*** Dataset records ***

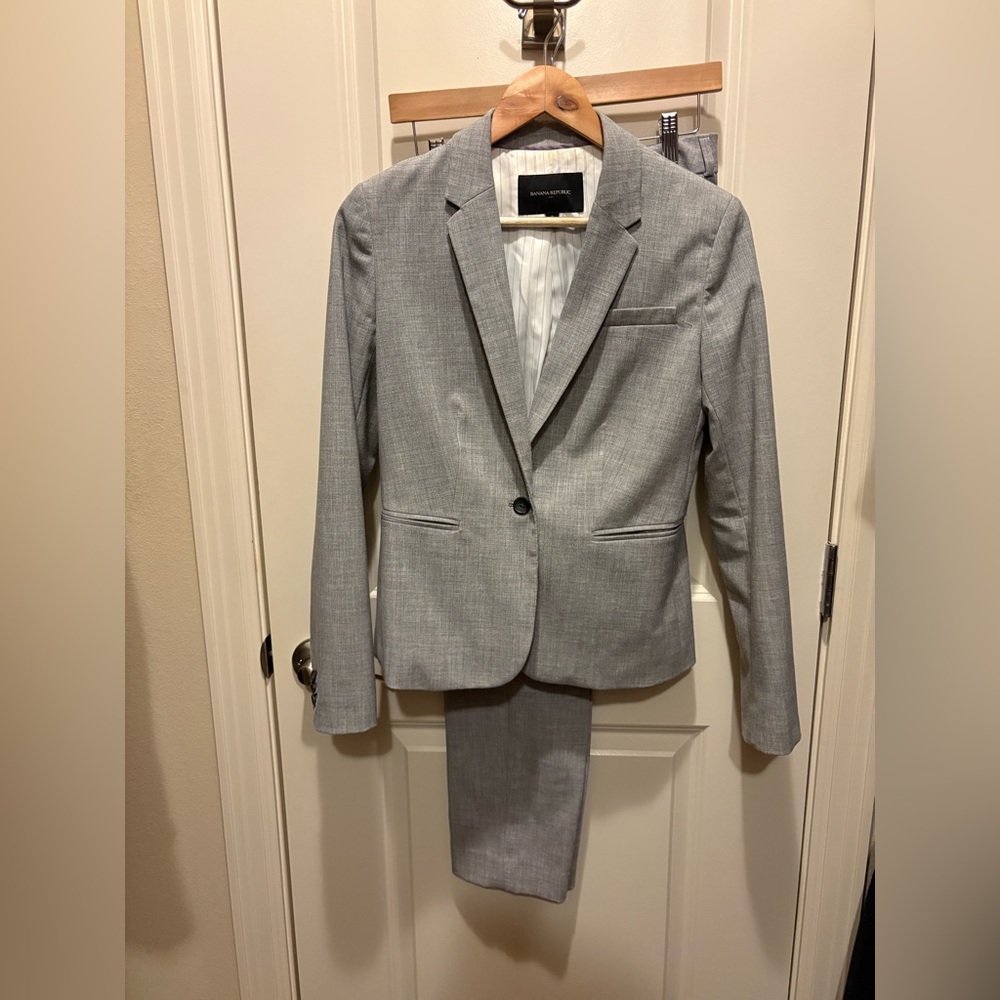 Women’s. Banana Republic Light Gray Suit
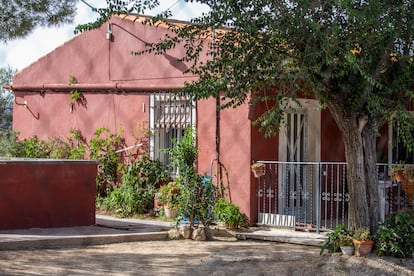 Vista general de la vivienda en la que ha sido hallada muerta una pareja en Villena (Alicante). 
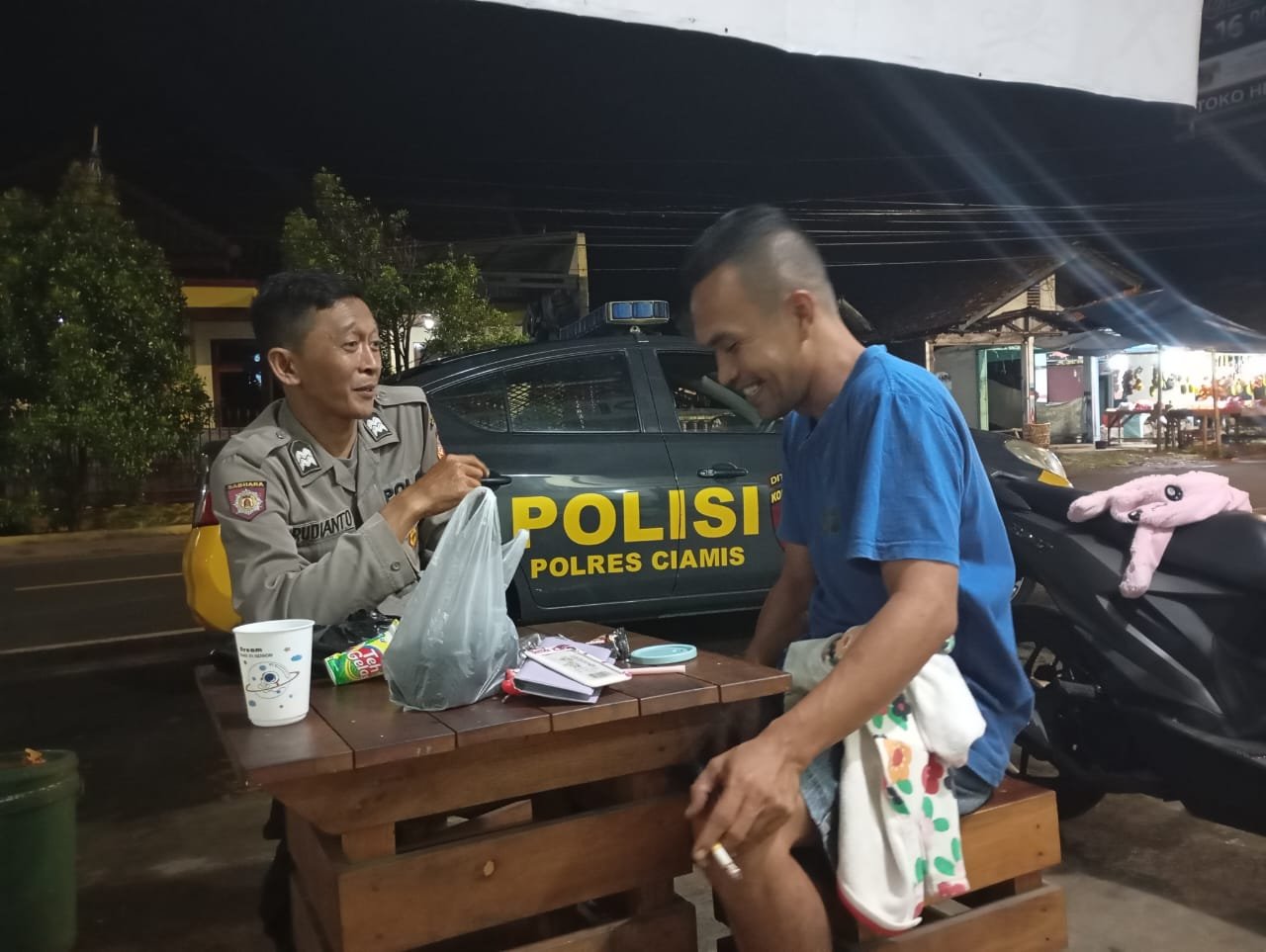 Berikan Rasa Aman, Personel Polsek Kawali Polres Ciamis Patroli Dialogis di Malam Hari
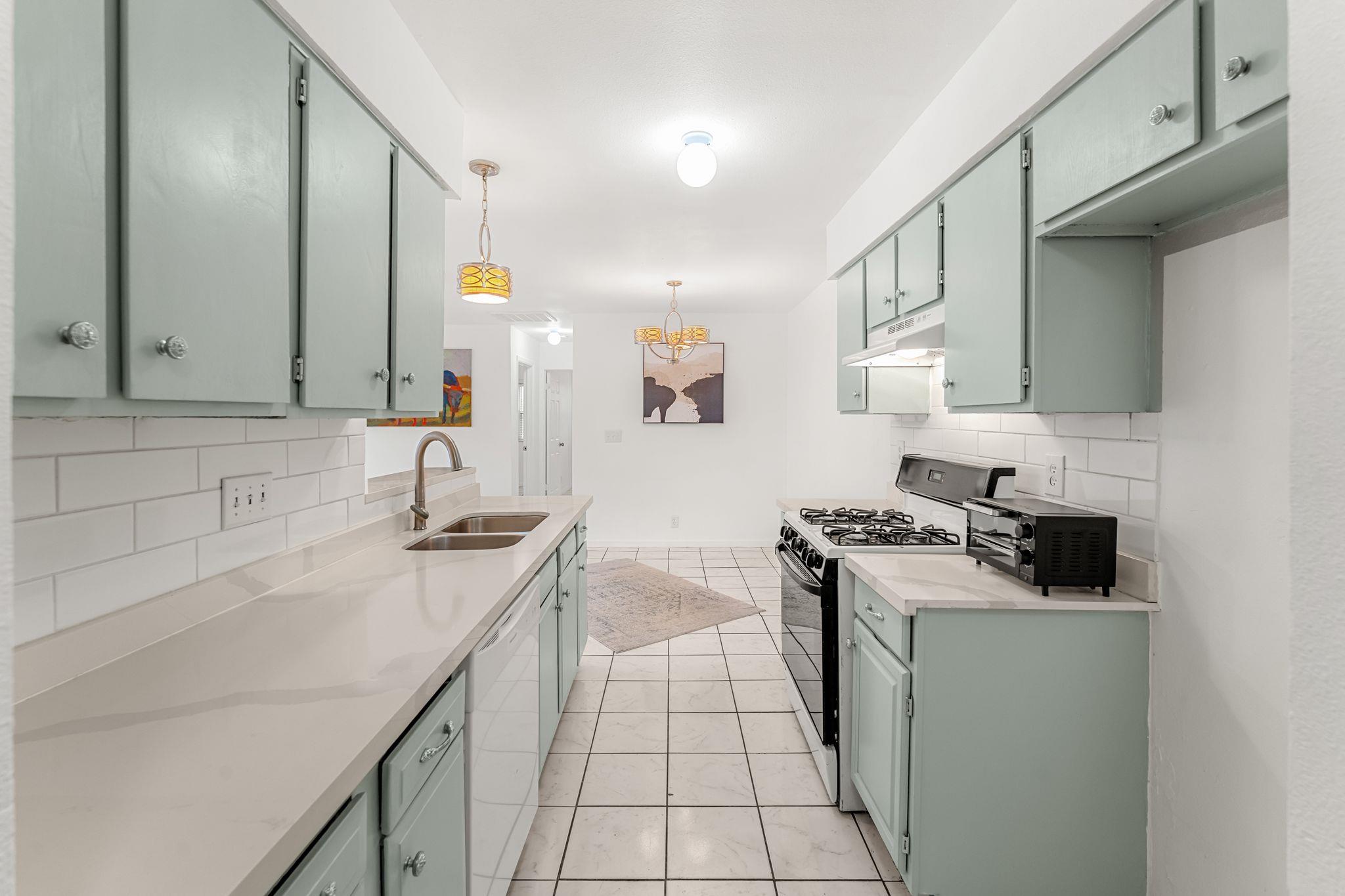 2501 Teri Rd #b Property Photo 1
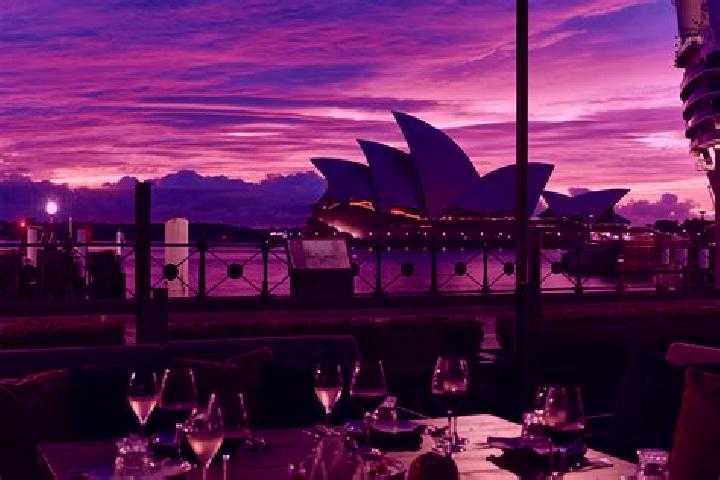Sienna, 27 — Escort in Ocean View, Australia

*** End of Dataset records ***

Work instruction. Leaving out the pictures, repeat all the entries exactly as they stand.

Task result.
 Women’s. Banana Republic Light Gray Suit
 Vista general de la vivienda en la que ha sido hallada muerta una pareja en Villena (Alicante). 
 Berikan Rasa Aman, Personel Polsek Kawali Polres Ciamis Patroli Dialogis di Malam Hari
 2501 Teri Rd #b Property Photo 1
Sienna, 27 — Escort in Ocean View, Australia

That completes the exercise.